9. Oreillette selon la revendication 1, dans laquelle au moins une dimension de l'ouverture
non étanche (185) est choisie de manière à régler l'ouverture non étanche afin de
coupler acoustiquement la cavité avant (180) à l'environnement externe au boîtier
(110) sur une plage choisie de fréquences audibles et afin d'isoler acoustiquement
la cavité avant vis-à-vis de l'environnement externe au boîtier à des fréquences situées
en dehors de la plage choisie de fréquences audibles.
10. Oreillette selon la revendication 1, comprenant en outre :
un circuit ANR (200) qui reçoit des données d'entrée provenant des microphones rétroactif
(280) et prédictif (270), et produit des sons antibruit rétroactifs et prédictifs
destinés à être émis acoustiquement par le pilote acoustique (290) pour fournir les
ANR à base de rétroaction et à base de prédiction ; et
une commande utilisable manuellement, pouvant être utilisée par l'utilisateur pour
lui permettre de signaler au circuit ANR qu'il doit modifier au moins la fourniture
de l'ANR à base de prédiction pour permettre aux sons vocaux émis par une personne
voisine de l'utilisateur et détectés par le microphone prédictif d'être produits acoustiquement
par le pilote acoustique afin de permettre à l'utilisateur d'entendre lesdits sons
vocaux.
11. Oreillette selon la revendication 1, comprenant en outre un circuit (2100) disposé
à l'intérieur de l'autre cavité (160).
12. Oreillette selon la revendication 1, comprenant en outre une source d'énergie disposée
à l'intérieur de l'autre cavité.
13. Oreillette selon la revendication 12, dans laquelle la source d'énergie est une pile
qui peut être changée à travers l'ouverture de la cavité.

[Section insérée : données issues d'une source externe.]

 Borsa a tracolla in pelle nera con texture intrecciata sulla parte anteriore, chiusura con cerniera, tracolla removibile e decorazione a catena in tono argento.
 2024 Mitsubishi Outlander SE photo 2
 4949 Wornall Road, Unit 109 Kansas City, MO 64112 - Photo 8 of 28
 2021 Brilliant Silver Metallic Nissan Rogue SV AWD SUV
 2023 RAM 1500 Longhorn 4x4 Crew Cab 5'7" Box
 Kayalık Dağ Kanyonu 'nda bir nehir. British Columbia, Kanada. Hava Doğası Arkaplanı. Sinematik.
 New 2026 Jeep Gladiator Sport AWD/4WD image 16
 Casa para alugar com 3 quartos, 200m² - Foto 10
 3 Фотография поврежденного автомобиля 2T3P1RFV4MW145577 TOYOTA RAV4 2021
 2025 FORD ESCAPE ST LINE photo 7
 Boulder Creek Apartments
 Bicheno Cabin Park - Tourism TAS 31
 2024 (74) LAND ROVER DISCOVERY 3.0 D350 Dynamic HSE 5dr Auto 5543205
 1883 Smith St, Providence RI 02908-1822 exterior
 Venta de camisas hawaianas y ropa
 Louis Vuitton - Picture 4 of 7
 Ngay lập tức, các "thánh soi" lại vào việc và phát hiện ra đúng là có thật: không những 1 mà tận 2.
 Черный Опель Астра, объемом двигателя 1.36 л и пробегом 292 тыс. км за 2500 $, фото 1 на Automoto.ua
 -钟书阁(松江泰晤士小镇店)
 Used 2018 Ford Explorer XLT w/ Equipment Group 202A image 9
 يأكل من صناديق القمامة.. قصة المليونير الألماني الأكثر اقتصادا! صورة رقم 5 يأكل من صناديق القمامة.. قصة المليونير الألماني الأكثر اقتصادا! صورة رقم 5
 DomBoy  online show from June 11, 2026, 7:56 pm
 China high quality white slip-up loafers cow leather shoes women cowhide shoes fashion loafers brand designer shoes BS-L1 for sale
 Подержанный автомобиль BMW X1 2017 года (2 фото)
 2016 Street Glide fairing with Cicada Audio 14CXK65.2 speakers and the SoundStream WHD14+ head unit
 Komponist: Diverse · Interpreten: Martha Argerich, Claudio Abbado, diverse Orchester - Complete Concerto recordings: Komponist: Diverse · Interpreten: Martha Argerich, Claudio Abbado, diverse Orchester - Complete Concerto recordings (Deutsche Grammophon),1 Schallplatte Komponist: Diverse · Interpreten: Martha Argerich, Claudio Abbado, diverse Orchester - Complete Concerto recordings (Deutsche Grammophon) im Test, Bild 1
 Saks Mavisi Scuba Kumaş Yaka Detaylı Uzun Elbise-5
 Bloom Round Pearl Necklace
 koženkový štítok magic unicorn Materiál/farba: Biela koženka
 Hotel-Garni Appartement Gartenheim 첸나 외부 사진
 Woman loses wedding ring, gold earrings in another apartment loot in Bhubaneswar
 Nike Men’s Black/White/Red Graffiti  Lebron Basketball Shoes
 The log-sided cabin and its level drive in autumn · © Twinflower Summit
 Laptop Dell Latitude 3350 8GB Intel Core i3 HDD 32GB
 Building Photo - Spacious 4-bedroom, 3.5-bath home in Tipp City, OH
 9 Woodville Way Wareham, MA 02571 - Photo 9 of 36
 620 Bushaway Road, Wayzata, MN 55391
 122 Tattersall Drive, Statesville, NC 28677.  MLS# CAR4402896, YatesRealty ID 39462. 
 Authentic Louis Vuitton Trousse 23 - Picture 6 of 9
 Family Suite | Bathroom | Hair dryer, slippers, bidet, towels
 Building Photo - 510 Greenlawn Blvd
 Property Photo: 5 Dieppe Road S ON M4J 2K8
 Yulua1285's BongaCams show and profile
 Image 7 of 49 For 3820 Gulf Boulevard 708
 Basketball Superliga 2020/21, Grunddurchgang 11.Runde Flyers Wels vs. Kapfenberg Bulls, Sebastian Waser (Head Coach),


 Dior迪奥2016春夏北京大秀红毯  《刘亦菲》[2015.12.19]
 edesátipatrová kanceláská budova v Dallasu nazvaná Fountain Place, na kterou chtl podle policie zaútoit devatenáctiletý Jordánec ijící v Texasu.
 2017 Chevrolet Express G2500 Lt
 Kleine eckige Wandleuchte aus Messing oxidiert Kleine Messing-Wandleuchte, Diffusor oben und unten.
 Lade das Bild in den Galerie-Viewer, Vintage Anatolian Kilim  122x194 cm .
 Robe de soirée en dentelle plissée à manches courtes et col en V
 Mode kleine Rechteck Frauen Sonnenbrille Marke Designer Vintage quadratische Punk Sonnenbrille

14. Oreillette selon la revendication 1, dans laquelle :
le boîtier (110) définit en outre une autre cavité dotée d'une ouverture de cavité
qui couple la cavité à l'environnement externe au boîtier ;
l'oreillette (100) comprend en outre un couvercle de cavité structuré pour fermer
l'ouverture de la cavité par une fermeture non étanche grâce à laquelle l'autre cavité
reste couplée au moins acoustiquement à l'environnement externe au boîtier ; et
le microphone prédictif (270) est couplé acoustiquement à l'environnement externe
au boîtier indirectement au travers de la fermeture non étanche grâce à laquelle le
couvercle de la cavité ferme l'ouverture de la cavité.
15. Oreillette selon la revendication 1, dans laquelle :
la réduction de bruit passive fournie par la mise en prise du couplage auriculaire
à la partie de la tête de l'utilisateur est efficace contre les sons de type bruit
de fréquence audible supérieure qui émanent de l'environnement externe au boîtier
(110) ;
la fourniture de l'ANR à base de prédiction permise grâce au microphone prédictif
(270) est efficace contre les sons de type bruit de fréquence audible moyenne qui
émanent de l'environnement externe au boîtier ; et
la fourniture de l'ANR à base de rétroaction permise grâce au microphone rétroactif
(280) est efficace contre les sons de type bruit de fréquence audible inférieure qui
émanent de l'environnement externe au boîtier.